Kafka Streams allow us to control this behavior using the suppress operator, which can be used to emit only the final result of the window while suppressing all the intermediate results:

Java
stream.peek((k, v) -> System.out.printf("Incoming record - Key: %s, Value: %s%n", k, v))
.groupByKey()
.windowedBy(tumblingWindow)
.reduce((a, b) -> a + " " + b, Materialized.with(Serdes.String(), Serdes.String()))
.suppress(Suppressed.untilWindowCloses(Suppressed.BufferConfig.unbounded()))
.toStream()
.peek((k, v) -> System.out.printf("Reduced - Key: %s, Value: %s%n", k, v));

Copy this code over the current topology (lines 43–48). We call the suppress operator right after the reduce operator, and the value we pass to it tells Kafka Streams to suppress all events until the window closes. The unbounded parameter will let the buffer consume memory as needed until the window is closed.

If we run the application and publish the same message as before, we will see only one log per window.

Hopping window

Hopping windows are also time-based, fixed-size windows. The difference between hopping and tumbling windows is that hopping windows can overlap, meaning a single event can belong to more than one window. The overlap is defined by the advance size, which is the time to wait after the current window has started before starting the next one.

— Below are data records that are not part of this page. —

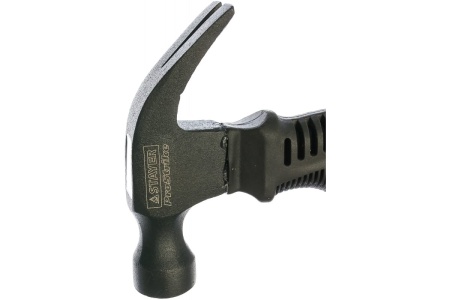 Молоток-гвоздодер STAYER COMPACT укороченный с фибергласовой рукояткой, 225г 2026-225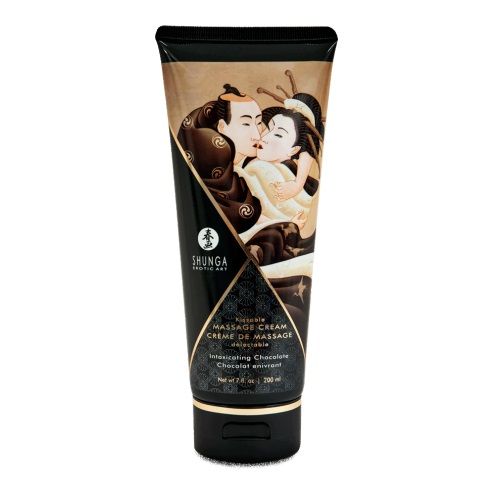 Массажный крем для тела с ароматом шоколада Intoxicating Chocolate - 200 мл. - Shunga - купить с доставкой в Тамбове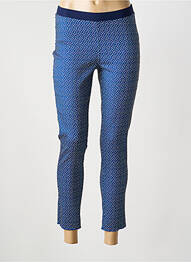 Pantalon slim talie elastică mărime normală albastru GUY DUBOUIS femme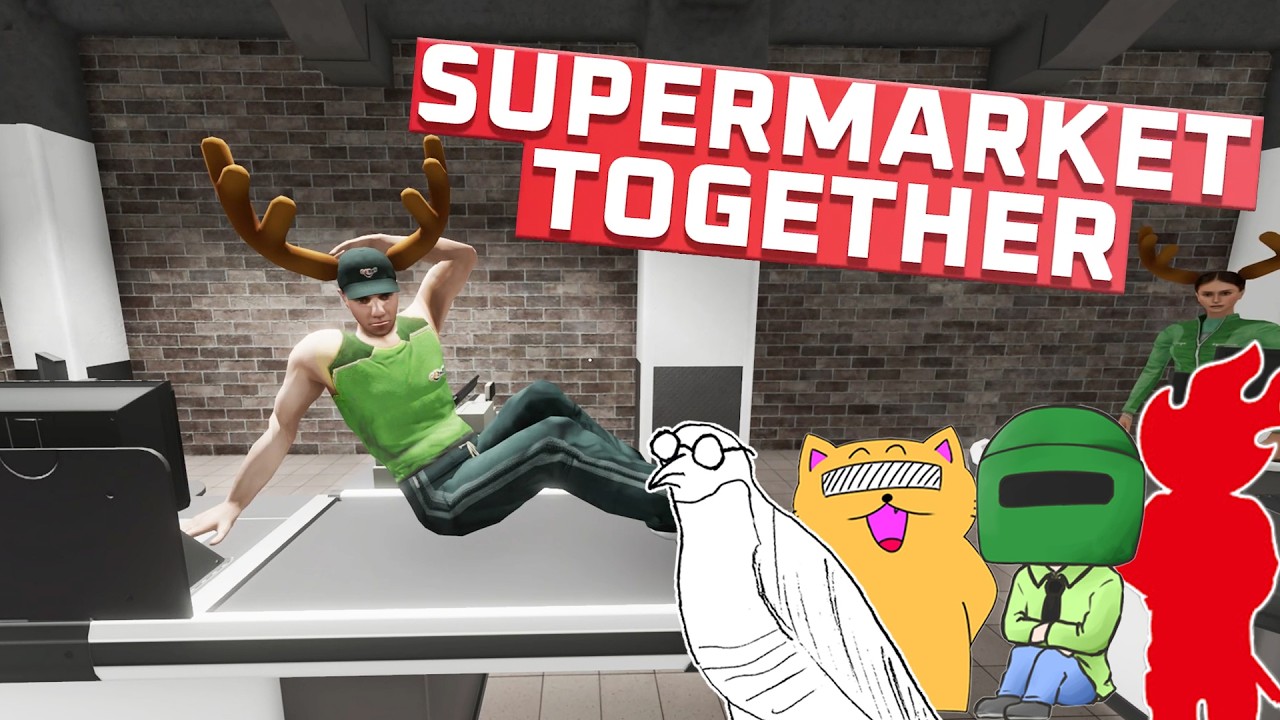 4人でスーパーを経営できるだけなのに爆笑してしまうゲームwww【SuperMarket Together】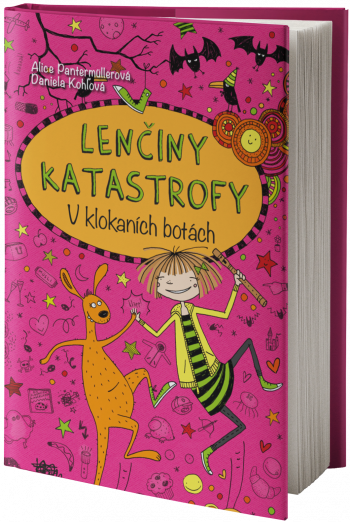 Obal knihy Lenčiny katastrofy: V klokaních botách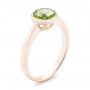 18k Rose Gold 18k Rose Gold Bezel Set Peridot Ring - Three-Quarter View -  102636 - Thumbnail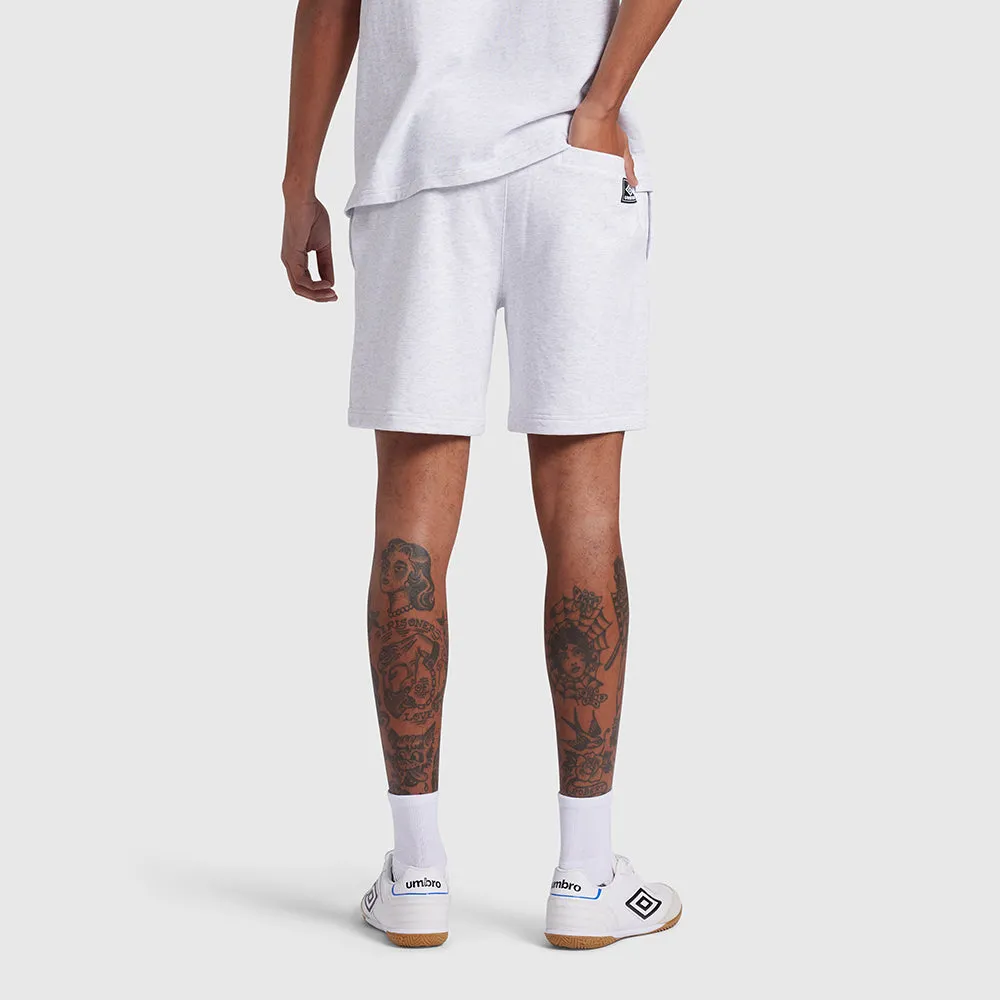 Umbro Classic Sweat Shorts - White Marle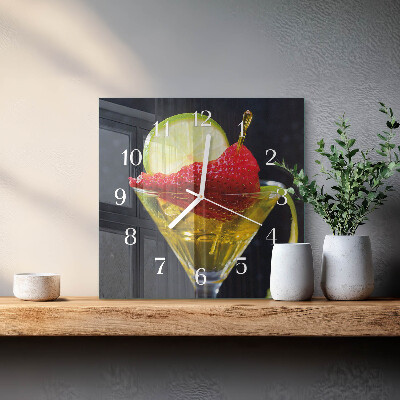 Vierkante glazen klok Cocktail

For example, let’s consider a hopping window with a fixed size of three seconds and an advance size of two seconds:

Defining a hopping window is very similar to defining a tumbling window:

Java
Duration windowSize = Duration.ofSeconds(3);
Duration advanceSize = Duration.ofSeconds(2);
TimeWindows tumblingWindow = TimeWindows
.ofSizeWithNoGrace(windowSize)
.advanceBy(advanceSize);

The window defined in this code will behave like the window in the example slides above it.